[Recorded data]
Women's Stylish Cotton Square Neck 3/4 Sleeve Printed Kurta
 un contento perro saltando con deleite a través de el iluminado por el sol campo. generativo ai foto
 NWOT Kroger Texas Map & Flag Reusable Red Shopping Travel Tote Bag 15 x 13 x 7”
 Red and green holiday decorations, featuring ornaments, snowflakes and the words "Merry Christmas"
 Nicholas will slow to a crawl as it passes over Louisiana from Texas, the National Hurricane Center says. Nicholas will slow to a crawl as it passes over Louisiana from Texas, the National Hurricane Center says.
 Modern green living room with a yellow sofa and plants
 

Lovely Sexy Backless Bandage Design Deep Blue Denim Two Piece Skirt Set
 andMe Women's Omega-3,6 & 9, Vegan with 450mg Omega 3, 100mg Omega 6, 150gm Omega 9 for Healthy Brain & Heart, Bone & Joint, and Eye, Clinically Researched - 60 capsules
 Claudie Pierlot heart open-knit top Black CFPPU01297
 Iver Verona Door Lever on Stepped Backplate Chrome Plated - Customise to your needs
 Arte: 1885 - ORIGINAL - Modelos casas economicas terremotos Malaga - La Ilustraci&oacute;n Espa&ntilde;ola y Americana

◆ **The problem**: Only the lines above starting with the one with "un contento perro" and going through the one with "Red and green" are to be copied, word for word and with both ends kept.

◆ **The answer**:
 un contento perro saltando con deleite a través de el iluminado por el sol campo. generativo ai foto
 NWOT Kroger Texas Map & Flag Reusable Red Shopping Travel Tote Bag 15 x 13 x 7”
 Red and green holiday decorations, featuring ornaments, snowflakes and the words "Merry Christmas"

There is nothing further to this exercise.